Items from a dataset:
■ ■ ■ ■

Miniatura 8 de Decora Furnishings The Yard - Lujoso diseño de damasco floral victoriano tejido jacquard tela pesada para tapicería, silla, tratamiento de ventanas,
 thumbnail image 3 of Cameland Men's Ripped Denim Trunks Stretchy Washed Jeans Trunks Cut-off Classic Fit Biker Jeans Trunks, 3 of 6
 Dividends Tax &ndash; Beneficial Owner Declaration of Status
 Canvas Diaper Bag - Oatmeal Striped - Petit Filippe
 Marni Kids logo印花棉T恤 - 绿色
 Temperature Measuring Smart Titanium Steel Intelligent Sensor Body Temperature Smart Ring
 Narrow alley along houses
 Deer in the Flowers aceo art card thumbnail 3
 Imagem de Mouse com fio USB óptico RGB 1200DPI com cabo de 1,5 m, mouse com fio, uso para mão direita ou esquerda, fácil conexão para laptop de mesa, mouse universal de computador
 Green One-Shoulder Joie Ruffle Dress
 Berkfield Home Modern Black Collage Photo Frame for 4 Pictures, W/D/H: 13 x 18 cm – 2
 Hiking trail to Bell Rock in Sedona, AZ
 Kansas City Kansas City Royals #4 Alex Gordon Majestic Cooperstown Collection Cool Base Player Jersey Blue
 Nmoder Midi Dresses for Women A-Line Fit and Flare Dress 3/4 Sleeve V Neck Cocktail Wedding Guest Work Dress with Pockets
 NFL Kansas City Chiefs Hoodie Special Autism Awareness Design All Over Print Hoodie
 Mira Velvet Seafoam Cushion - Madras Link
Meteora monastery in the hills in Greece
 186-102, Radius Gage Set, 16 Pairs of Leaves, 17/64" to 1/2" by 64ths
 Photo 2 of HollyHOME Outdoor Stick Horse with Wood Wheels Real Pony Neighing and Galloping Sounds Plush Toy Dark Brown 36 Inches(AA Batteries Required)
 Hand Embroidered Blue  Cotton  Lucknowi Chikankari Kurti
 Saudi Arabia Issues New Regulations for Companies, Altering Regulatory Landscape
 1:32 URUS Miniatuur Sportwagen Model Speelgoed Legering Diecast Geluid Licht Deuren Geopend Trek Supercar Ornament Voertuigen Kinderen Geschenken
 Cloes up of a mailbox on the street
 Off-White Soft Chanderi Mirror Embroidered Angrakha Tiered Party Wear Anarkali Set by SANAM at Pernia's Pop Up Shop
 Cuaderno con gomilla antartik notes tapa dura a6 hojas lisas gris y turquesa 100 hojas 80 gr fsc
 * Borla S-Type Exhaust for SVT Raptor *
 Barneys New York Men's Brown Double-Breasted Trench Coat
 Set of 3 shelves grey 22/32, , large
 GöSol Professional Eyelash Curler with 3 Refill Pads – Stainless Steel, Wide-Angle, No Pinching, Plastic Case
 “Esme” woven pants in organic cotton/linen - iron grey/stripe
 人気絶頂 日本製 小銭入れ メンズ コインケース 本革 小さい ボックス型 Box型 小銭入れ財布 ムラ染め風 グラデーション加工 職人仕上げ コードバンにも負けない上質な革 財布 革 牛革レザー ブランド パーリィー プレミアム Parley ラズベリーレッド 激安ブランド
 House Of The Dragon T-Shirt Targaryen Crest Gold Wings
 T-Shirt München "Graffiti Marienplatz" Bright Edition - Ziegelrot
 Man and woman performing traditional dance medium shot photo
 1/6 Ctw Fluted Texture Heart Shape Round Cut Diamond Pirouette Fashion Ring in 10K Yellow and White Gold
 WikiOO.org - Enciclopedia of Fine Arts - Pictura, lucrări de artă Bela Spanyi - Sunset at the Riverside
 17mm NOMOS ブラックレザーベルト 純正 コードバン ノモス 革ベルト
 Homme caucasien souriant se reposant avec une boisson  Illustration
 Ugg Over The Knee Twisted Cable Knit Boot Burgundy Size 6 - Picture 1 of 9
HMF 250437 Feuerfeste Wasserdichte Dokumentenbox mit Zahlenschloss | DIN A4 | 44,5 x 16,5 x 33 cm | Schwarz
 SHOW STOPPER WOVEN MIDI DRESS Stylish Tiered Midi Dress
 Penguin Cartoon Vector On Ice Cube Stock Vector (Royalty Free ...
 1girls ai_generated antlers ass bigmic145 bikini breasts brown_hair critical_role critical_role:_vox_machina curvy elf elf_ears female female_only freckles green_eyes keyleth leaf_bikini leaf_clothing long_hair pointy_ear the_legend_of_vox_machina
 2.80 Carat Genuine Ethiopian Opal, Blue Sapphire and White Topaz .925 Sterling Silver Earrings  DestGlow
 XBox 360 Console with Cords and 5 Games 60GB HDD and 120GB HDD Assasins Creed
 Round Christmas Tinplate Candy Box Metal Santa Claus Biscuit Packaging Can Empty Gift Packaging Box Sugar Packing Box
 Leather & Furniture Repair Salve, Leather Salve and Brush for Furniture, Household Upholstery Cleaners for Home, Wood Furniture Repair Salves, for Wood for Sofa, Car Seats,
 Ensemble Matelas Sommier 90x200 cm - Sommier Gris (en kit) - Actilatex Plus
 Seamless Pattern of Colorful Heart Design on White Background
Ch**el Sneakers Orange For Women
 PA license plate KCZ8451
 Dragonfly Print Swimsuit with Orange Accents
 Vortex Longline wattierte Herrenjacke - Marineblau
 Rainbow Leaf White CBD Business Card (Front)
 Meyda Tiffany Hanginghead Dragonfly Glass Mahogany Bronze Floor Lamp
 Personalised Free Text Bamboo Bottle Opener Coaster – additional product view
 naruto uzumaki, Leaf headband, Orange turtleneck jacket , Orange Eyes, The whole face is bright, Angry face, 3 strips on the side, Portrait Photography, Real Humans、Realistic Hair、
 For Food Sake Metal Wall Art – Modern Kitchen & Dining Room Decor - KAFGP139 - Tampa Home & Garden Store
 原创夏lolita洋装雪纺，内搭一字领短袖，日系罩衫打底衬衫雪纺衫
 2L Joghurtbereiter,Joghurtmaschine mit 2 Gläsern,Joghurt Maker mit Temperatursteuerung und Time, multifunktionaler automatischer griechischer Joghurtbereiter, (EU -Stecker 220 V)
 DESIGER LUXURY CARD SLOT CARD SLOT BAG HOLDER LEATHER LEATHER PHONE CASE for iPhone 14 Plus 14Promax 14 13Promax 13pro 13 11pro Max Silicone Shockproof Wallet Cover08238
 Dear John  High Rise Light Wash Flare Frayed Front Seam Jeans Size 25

■ ■ ■ ■

## How to complete this task
Retype only the stretch of lines above starting at the one with "Meteora monastery in the hills in Greece" and stopping at the one with "Edition - Ziegelrot", exactly as written, with both kept.

## Exercise solution
Meteora monastery in the hills in Greece
 186-102, Radius Gage Set, 16 Pairs of Leaves, 17/64" to 1/2" by 64ths
 Photo 2 of HollyHOME Outdoor Stick Horse with Wood Wheels Real Pony Neighing and Galloping Sounds Plush Toy Dark Brown 36 Inches(AA Batteries Required)
 Hand Embroidered Blue  Cotton  Lucknowi Chikankari Kurti
 Saudi Arabia Issues New Regulations for Companies, Altering Regulatory Landscape
 1:32 URUS Miniatuur Sportwagen Model Speelgoed Legering Diecast Geluid Licht Deuren Geopend Trek Supercar Ornament Voertuigen Kinderen Geschenken
 Cloes up of a mailbox on the street
 Off-White Soft Chanderi Mirror Embroidered Angrakha Tiered Party Wear Anarkali Set by SANAM at Pernia's Pop Up Shop
 Cuaderno con gomilla antartik notes tapa dura a6 hojas lisas gris y turquesa 100 hojas 80 gr fsc
 * Borla S-Type Exhaust for SVT Raptor *
 Barneys New York Men's Brown Double-Breasted Trench Coat
 Set of 3 shelves grey 22/32, , large
 GöSol Professional Eyelash Curler with 3 Refill Pads – Stainless Steel, Wide-Angle, No Pinching, Plastic Case
 “Esme” woven pants in organic cotton/linen - iron grey/stripe
 人気絶頂 日本製 小銭入れ メンズ コインケース 本革 小さい ボックス型 Box型 小銭入れ財布 ムラ染め風 グラデーション加工 職人仕上げ コードバンにも負けない上質な革 財布 革 牛革レザー ブランド パーリィー プレミアム Parley ラズベリーレッド 激安ブランド
 House Of The Dragon T-Shirt Targaryen Crest Gold Wings
 T-Shirt München "Graffiti Marienplatz" Bright Edition - Ziegelrot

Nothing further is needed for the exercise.